EXERCISE:
Produce word for word the lines of the data below running from the one that has "FATHAUER TOPOGRAPHIC PSEUDOBRAID" to the one that has "160l Trash Bag", inclusive, and no others.

THE RECORDS:
"""
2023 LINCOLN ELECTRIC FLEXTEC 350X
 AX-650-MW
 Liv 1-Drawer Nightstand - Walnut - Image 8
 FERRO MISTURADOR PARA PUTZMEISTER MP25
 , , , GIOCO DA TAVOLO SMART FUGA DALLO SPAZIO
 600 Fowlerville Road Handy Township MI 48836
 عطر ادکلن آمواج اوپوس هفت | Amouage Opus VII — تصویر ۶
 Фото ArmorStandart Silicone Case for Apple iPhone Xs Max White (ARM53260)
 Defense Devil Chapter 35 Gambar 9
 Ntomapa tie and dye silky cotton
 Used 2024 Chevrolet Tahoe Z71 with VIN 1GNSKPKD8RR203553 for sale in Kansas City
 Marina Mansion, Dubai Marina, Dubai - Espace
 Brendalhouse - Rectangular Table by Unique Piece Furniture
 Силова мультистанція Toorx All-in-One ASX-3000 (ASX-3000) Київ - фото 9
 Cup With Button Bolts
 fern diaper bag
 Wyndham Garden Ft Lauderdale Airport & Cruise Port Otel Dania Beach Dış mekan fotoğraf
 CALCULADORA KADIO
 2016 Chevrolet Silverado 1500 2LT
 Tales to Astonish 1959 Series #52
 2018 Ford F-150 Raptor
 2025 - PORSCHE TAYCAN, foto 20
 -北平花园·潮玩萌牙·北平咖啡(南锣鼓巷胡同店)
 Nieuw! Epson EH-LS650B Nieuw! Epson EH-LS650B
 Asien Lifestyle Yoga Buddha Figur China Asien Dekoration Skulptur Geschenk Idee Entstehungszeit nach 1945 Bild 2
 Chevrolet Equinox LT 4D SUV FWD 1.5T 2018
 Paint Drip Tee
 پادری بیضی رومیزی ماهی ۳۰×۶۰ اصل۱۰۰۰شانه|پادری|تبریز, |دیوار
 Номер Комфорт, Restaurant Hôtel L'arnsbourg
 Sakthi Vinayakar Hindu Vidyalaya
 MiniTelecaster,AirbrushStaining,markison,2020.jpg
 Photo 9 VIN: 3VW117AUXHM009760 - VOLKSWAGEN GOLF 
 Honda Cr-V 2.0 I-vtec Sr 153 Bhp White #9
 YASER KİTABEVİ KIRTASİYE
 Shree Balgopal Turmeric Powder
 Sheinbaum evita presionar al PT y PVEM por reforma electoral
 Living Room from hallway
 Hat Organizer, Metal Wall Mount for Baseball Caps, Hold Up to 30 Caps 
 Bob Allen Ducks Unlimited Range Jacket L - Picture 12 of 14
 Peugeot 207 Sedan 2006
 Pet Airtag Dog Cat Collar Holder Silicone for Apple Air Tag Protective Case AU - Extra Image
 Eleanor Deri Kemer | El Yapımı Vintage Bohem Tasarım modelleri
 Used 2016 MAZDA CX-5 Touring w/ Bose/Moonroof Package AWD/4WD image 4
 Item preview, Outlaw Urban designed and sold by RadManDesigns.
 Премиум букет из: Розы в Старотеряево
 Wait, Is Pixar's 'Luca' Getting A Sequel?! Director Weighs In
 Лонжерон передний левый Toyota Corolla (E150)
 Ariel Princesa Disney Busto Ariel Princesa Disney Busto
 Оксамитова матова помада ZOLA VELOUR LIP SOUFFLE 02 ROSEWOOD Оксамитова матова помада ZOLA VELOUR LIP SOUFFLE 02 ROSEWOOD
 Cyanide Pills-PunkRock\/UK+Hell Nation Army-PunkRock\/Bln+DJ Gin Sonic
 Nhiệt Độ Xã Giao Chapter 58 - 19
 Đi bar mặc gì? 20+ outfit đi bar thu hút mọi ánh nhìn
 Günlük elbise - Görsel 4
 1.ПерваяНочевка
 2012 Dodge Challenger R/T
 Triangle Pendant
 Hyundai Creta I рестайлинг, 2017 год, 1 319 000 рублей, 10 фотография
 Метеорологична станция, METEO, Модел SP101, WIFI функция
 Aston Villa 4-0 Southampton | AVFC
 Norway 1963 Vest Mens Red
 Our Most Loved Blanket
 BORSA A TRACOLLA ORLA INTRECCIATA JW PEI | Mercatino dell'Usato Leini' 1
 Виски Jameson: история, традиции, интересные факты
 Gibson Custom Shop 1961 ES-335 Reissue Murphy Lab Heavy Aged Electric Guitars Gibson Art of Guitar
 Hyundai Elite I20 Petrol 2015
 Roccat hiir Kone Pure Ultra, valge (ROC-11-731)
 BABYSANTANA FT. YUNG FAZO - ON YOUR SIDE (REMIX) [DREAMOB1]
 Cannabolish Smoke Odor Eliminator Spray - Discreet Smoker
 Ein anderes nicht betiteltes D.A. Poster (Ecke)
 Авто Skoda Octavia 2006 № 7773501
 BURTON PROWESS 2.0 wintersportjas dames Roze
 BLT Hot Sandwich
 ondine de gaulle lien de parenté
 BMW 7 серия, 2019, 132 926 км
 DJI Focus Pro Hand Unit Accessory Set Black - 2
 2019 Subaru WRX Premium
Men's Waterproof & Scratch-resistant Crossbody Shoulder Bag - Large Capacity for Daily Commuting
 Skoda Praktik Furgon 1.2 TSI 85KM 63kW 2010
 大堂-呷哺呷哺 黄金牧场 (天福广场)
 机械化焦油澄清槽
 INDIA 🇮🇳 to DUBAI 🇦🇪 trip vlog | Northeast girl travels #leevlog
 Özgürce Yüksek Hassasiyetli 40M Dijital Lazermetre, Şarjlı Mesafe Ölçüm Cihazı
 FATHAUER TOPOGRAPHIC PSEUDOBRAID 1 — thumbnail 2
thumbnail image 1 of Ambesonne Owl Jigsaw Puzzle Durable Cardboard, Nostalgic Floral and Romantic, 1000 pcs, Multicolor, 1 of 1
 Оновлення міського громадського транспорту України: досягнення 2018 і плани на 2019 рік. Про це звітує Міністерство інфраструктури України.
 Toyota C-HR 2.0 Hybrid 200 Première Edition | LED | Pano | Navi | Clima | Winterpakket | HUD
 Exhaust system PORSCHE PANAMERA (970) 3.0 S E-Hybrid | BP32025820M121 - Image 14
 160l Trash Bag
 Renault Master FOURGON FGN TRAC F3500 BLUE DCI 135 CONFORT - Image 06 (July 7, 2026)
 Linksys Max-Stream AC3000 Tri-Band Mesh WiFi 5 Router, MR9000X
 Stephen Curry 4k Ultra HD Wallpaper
"""
TASK RESPONSE:
 FATHAUER TOPOGRAPHIC PSEUDOBRAID 1 — thumbnail 2
thumbnail image 1 of Ambesonne Owl Jigsaw Puzzle Durable Cardboard, Nostalgic Floral and Romantic, 1000 pcs, Multicolor, 1 of 1
 Оновлення міського громадського транспорту України: досягнення 2018 і плани на 2019 рік. Про це звітує Міністерство інфраструктури України.
 Toyota C-HR 2.0 Hybrid 200 Première Edition | LED | Pano | Navi | Clima | Winterpakket | HUD
 Exhaust system PORSCHE PANAMERA (970) 3.0 S E-Hybrid | BP32025820M121 - Image 14
 160l Trash Bag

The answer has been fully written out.